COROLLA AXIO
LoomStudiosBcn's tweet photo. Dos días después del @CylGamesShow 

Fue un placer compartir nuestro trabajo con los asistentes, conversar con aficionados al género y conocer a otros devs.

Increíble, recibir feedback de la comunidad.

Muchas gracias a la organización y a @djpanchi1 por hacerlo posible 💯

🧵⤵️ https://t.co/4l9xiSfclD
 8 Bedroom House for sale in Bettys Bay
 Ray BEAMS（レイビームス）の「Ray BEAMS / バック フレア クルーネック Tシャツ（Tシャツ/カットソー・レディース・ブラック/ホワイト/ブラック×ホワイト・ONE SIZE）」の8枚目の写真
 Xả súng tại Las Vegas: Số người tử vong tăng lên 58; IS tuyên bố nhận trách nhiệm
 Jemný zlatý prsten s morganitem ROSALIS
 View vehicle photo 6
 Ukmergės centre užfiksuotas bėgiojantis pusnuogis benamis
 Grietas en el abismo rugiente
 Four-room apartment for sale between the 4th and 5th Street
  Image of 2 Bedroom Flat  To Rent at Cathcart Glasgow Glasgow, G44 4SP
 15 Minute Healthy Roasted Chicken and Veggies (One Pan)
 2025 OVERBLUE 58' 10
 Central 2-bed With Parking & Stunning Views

━━━━━━━━━━━━━━━━━━━━

Task brief -
The required output is every line from the one that holds "Jemný zlatý prsten s morganitem ROSALIS" through the last line of the listing above, retyped exactly and with nothing else.

Task result -
 Jemný zlatý prsten s morganitem ROSALIS
 View vehicle photo 6
 Ukmergės centre užfiksuotas bėgiojantis pusnuogis benamis
 Grietas en el abismo rugiente
 Four-room apartment for sale between the 4th and 5th Street
  Image of 2 Bedroom Flat  To Rent at Cathcart Glasgow Glasgow, G44 4SP
 15 Minute Healthy Roasted Chicken and Veggies (One Pan)
 2025 OVERBLUE 58' 10
 Central 2-bed With Parking & Stunning Views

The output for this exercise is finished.